You're correct in pointing out that the government is very involved in France. The government also plays a role in the public finance of large infrastructure projects in the U.S. I wouldn't agree though with your apples to apples comparison of public finance with tax breaks meant to encouarge behavior deemed socially beneficial. Given the stress to the power grids and the ratio of electricity demand to the available supply deliverable by the grid, I support government support. I agree that the government's job is keep citizens safe. I certainly agree that means keeping them healthy, and nuclear power emits zero SO2, NOX, C02, or any other harmful ozone pollutants. I'm not naive enough to suggest global warming isn't real, and I would argue that nuclear power would be a great step in reducing our harmful burning of carbon fuels.

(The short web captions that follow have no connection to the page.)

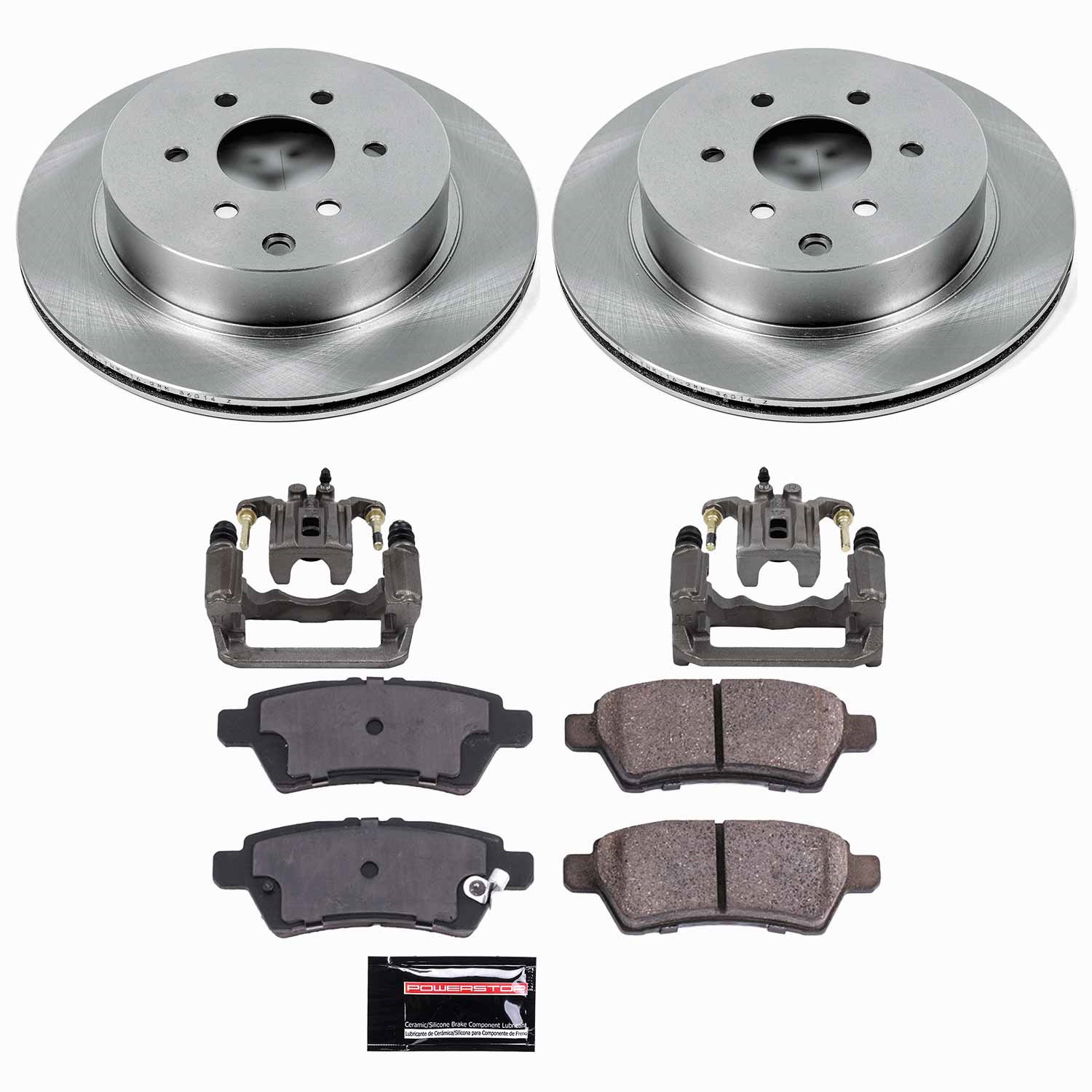 Power Stop - KCOE147 - Rear - Disc Brake Pad/Caliper and Rotor Kit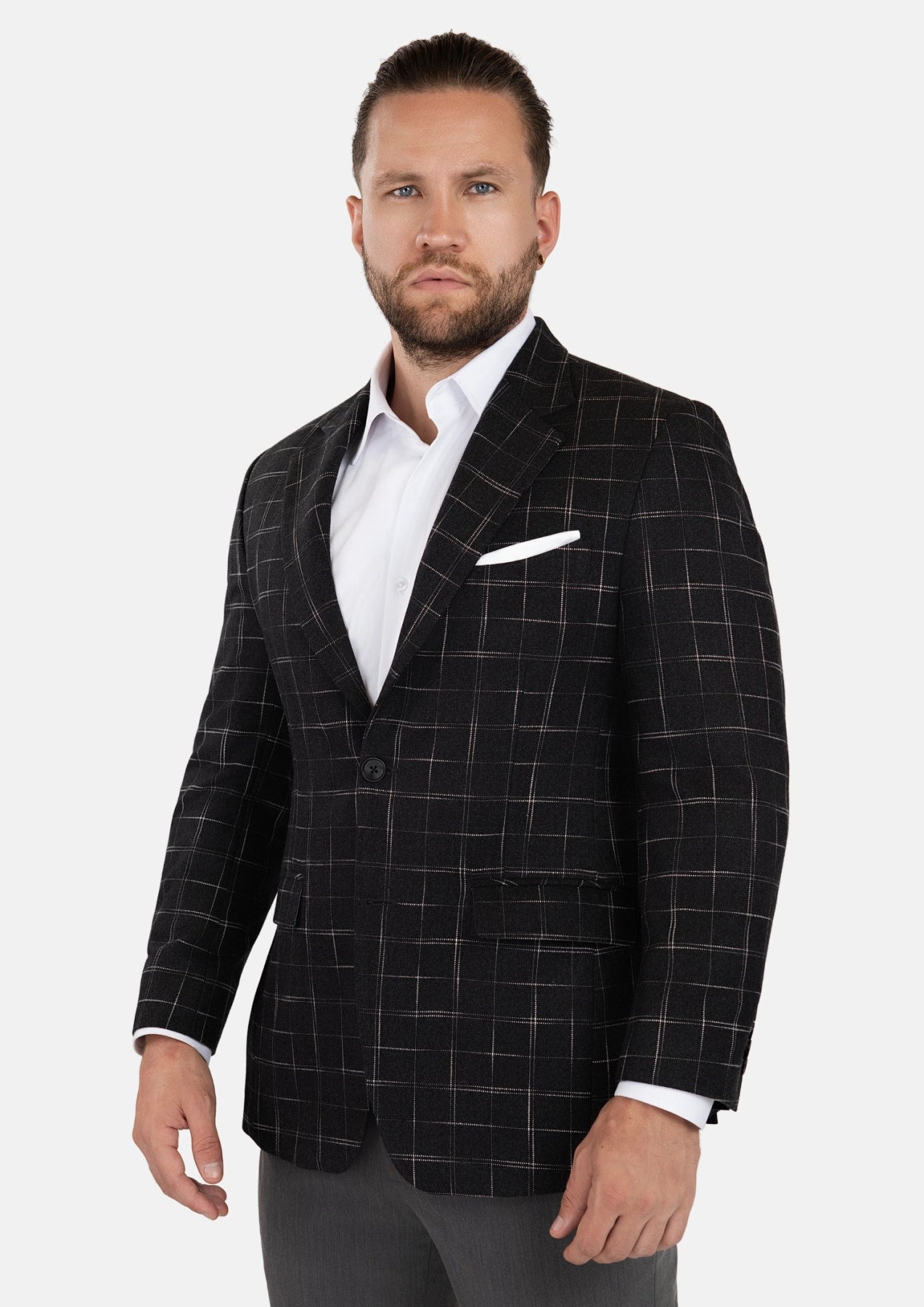 Astor Charcoal Flannel Windowpane Jacket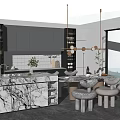 Modern Dining Set With Marble Island And Kitchen Cabinets In Open Layout 3d model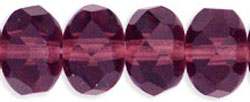 Gem-Cut Rondelle 9 x 6mm : Amethyst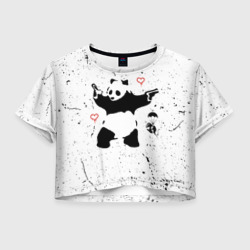 Женская футболка Crop-top 3D Banksy Бэнкси панда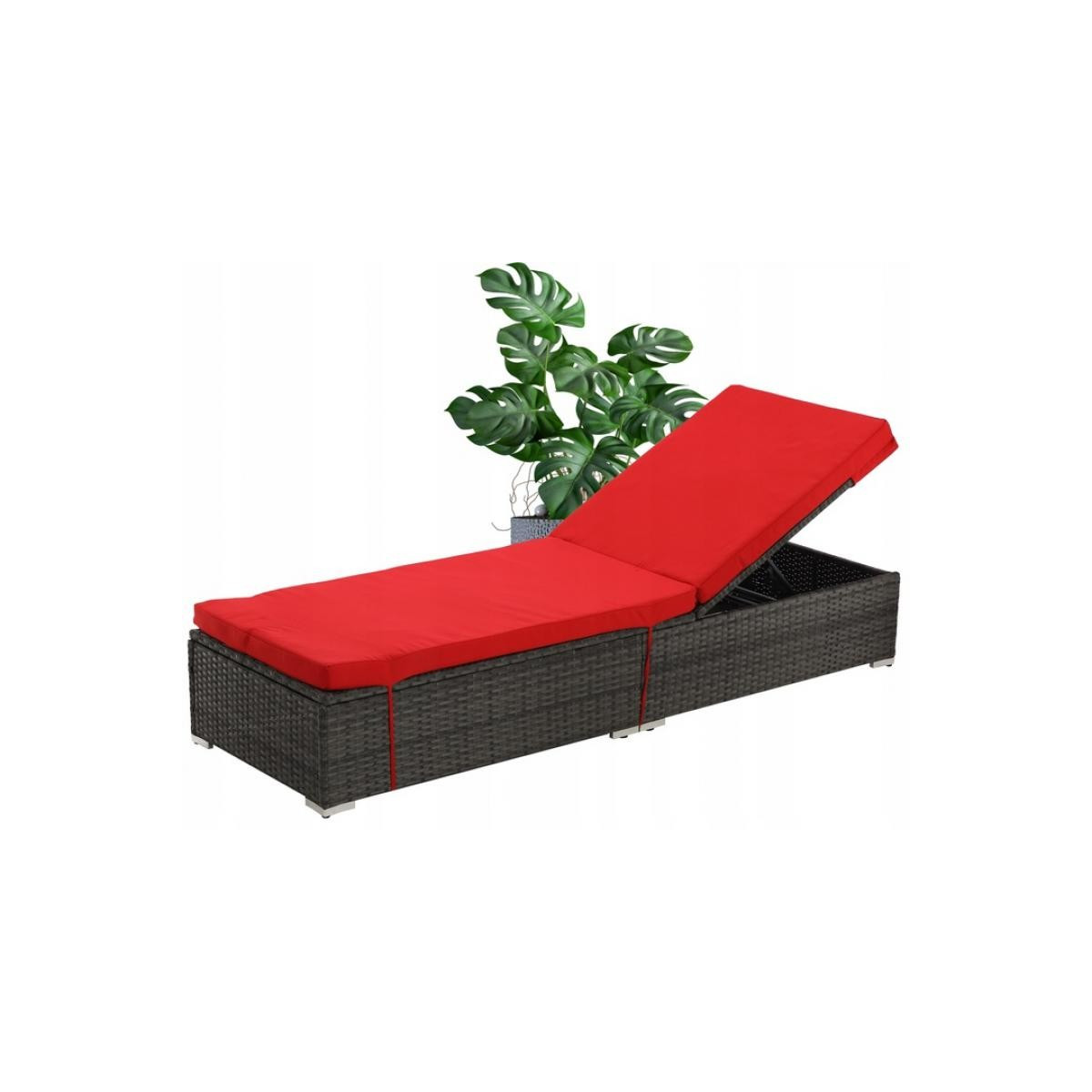 Șezlong de grădină din ratan cu perne roșii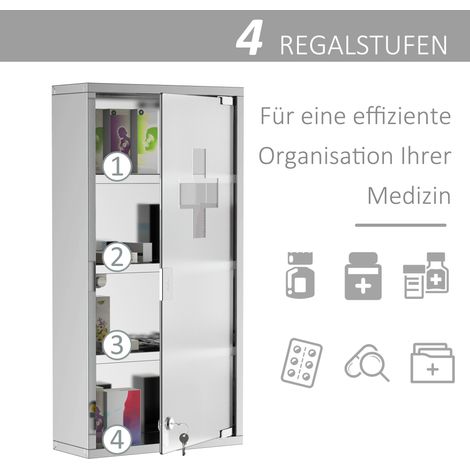 Armoire à pharmacie en acier inoxydable, fermable à clé, 4 compartiments, porte vitrée, rangement médicaments, 30 x 12 x 60 cm (1/4)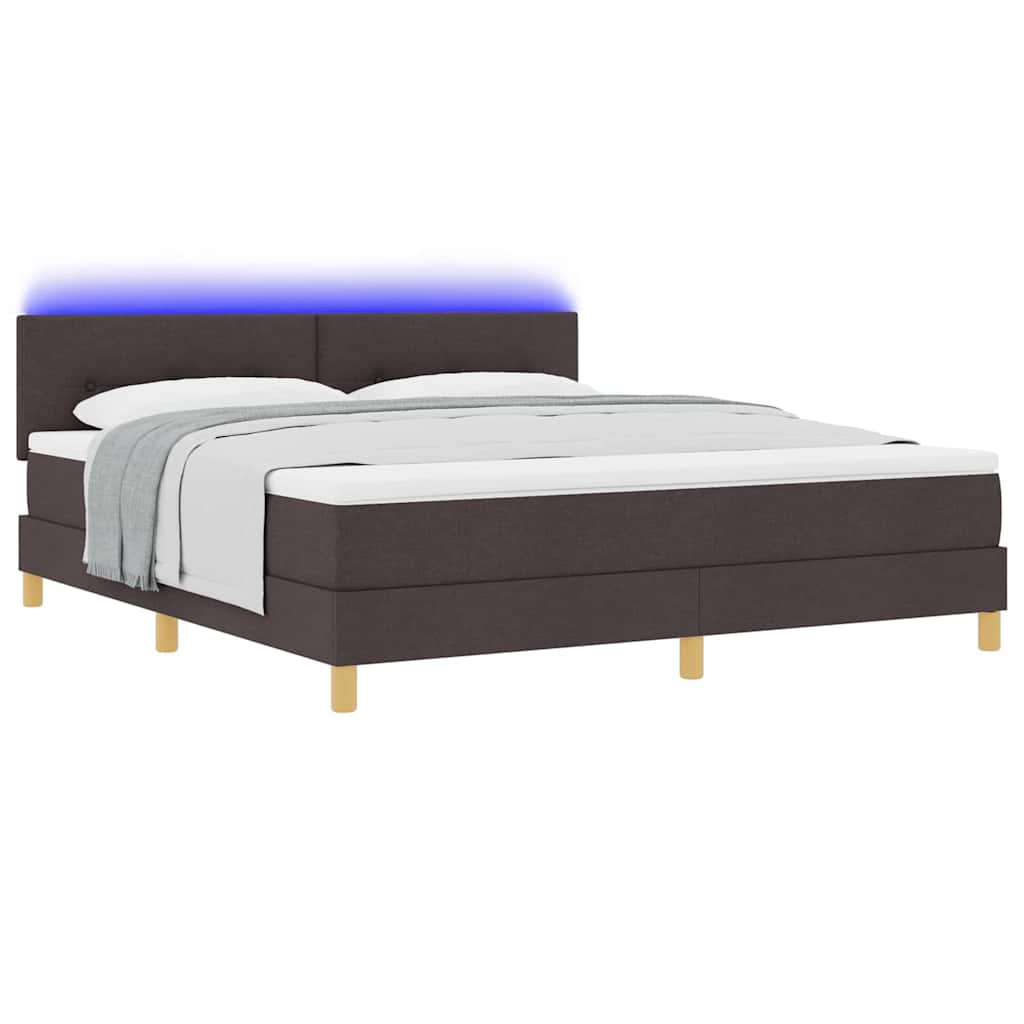 Letto a Sorgente LED con led Marrone Scuro 180 x 200 cm Tessuto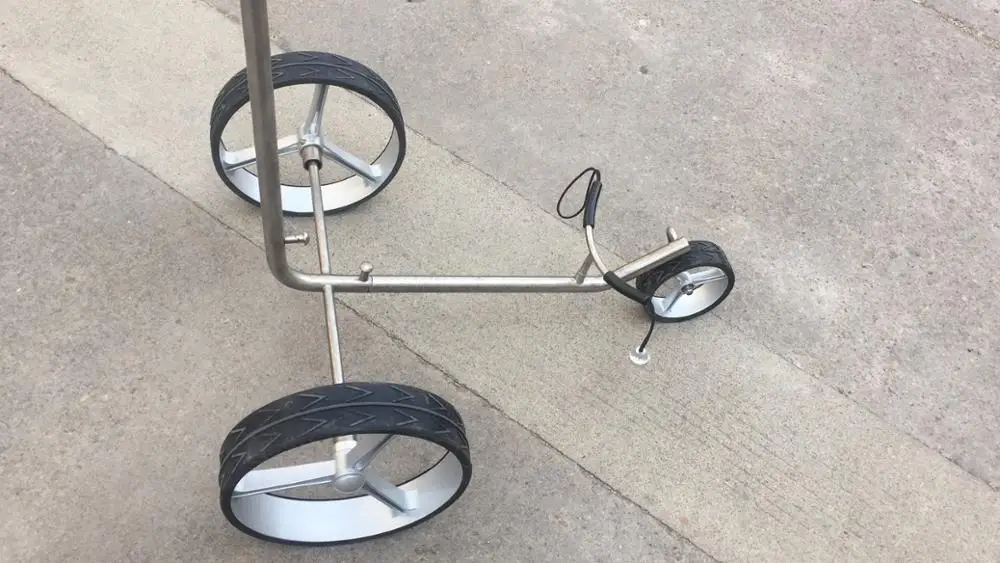 titanium or stainless steel push trolley pull three wheel golf caddy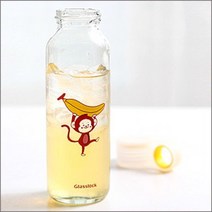 글라스락 몽키바나나 핑거보틀 어린이집답례품 유아물병 아기물병 어린이쥬스병, 제품만(박스필요없음)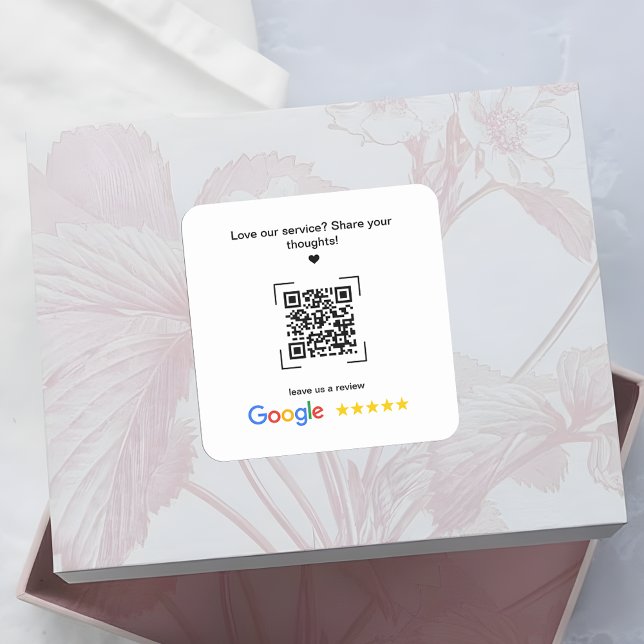Sticker Carré Code QR de révision Google promotionnel pour petit (Créateur téléchargé)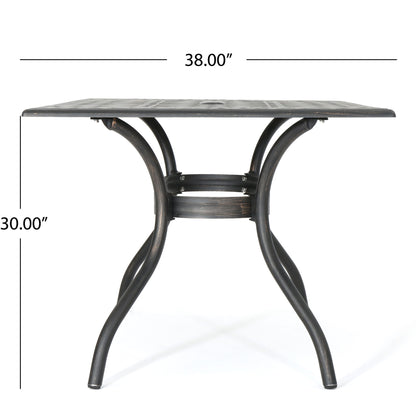 Enchantia - Outdoor Rectangular Dining Table With Weave Tabletop And Flared Legs - Copper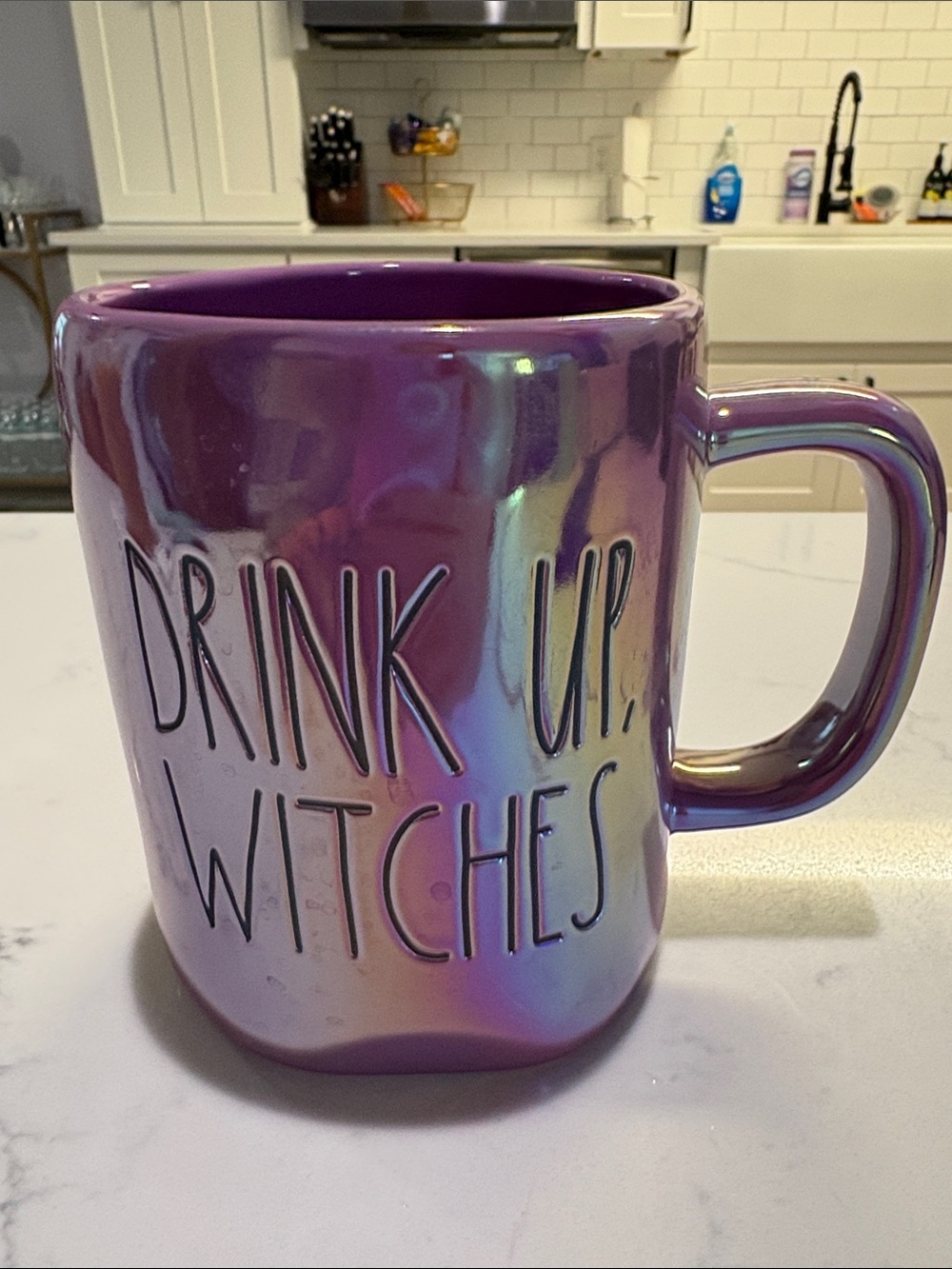 Rae Dunn Iridescent Purple 'Drink Up Witches' Mug - Picture 4 of 5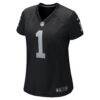 Number 1 Mom Las Vegas Raiders Nike Women's Game Jersey - Black - Side View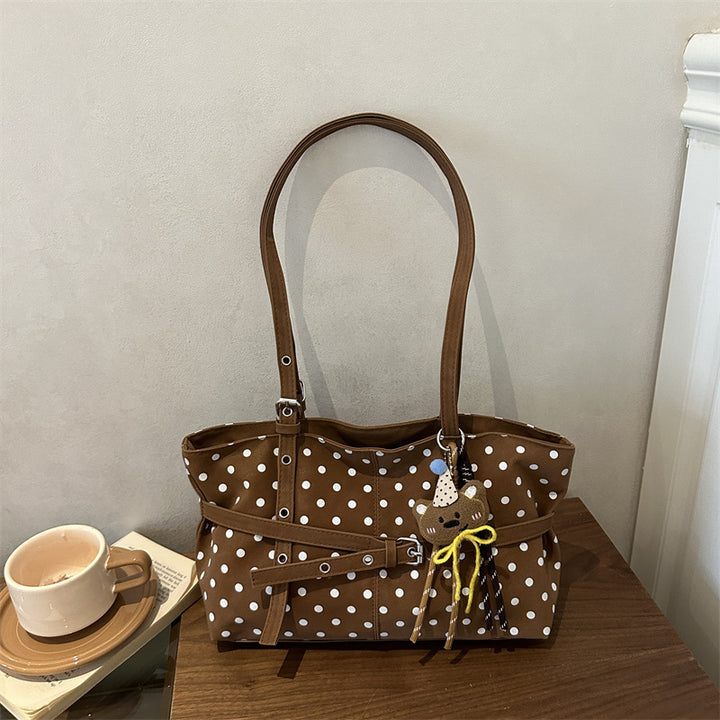 Polka Dot Decorative Shoulder Tote Bag
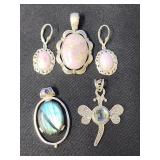 Sterling silver jewelry.  Pendant and matching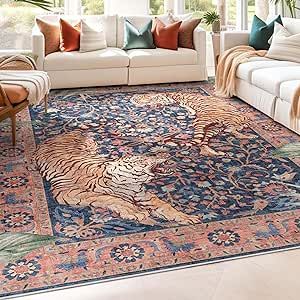 Well Woven Apollo Botanical Tiger Navy Washable Rug – Dining Room & Bedroom, 7'10" x 9'10", Durable Garden Escape, Botanical Rug, Tiger Rug, Floral Flats, Rug Dining Room, Well Woven, Navy Rug, Modern Area Rug, Washable Rug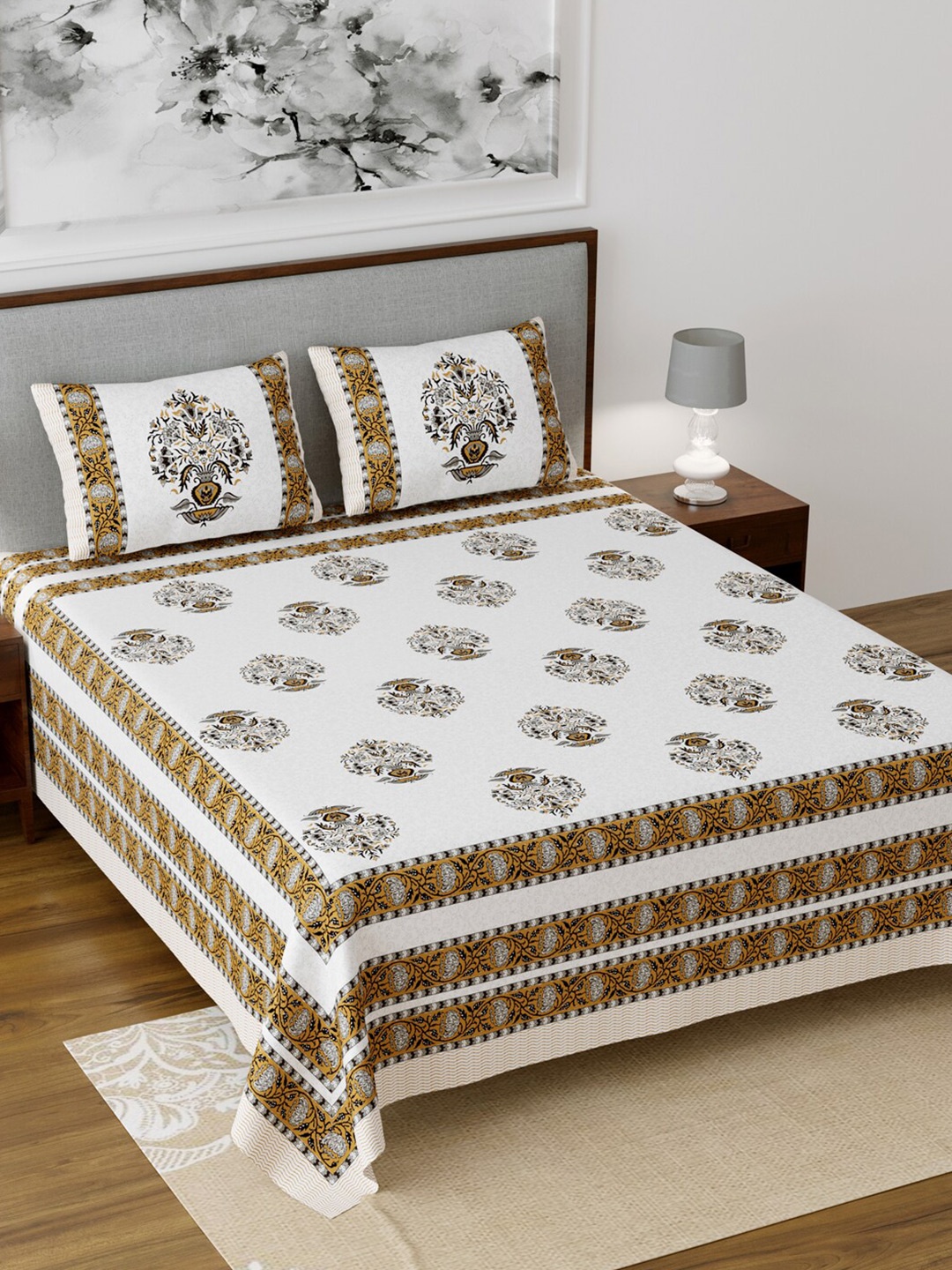 

Salona Bichona White & Mustard Ethnic Motifs 120 TC Cotton King Bedsheet with 2 Pillow Covers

I would also argue that governments have a responsibility to ensure the free competition of business and operation of markets. Energy consumption is a good thing, and improves our standard of living. It's easy for Americans to hail the virtues of conservation since we are consuming so much already. Great advances in society are made through increased energy consumption. The personal computer consumes an unbelievable amount of electricity, even when just idling. As I mentioned, if I'm buying it and and it's being produced responsibly (by which I meant nuclear) I don't think my energy consumption is any of your (or the government's) business. Feel free to reduce your consumption. Enjoy the reduced utility bills.

The brunt of your argument seems to be aimed at burning coal and oil, which I agree we should move away from.